• _TASK DESCRIPTION_: Among the entries below, one line contains "[WOFASHPURET] 3pcs Business" and another contains "The bubble milk". Transcribe those two lines and every line between them, exactly.

##### LISTED ENTRIES #####

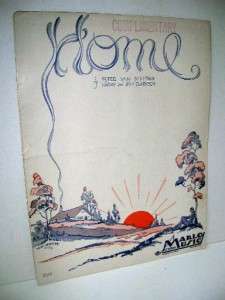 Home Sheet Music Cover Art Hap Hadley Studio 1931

#####
##### LISTED ENTRIES #####

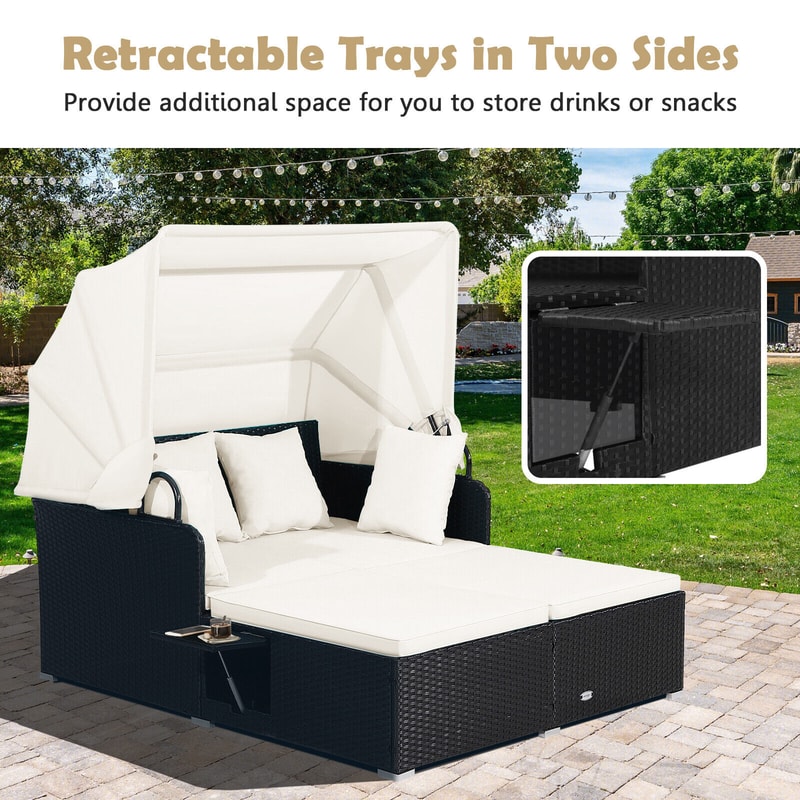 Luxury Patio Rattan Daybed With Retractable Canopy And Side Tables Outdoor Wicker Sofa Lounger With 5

#####
##### LISTED ENTRIES #####

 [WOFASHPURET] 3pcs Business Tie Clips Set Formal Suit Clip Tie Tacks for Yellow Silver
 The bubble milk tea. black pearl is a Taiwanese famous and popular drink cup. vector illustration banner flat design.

#####

• _TASK RESULT_:
 [WOFASHPURET] 3pcs Business Tie Clips Set Formal Suit Clip Tie Tacks for Yellow Silver
 The bubble milk tea. black pearl is a Taiwanese famous and popular drink cup. vector illustration banner flat design.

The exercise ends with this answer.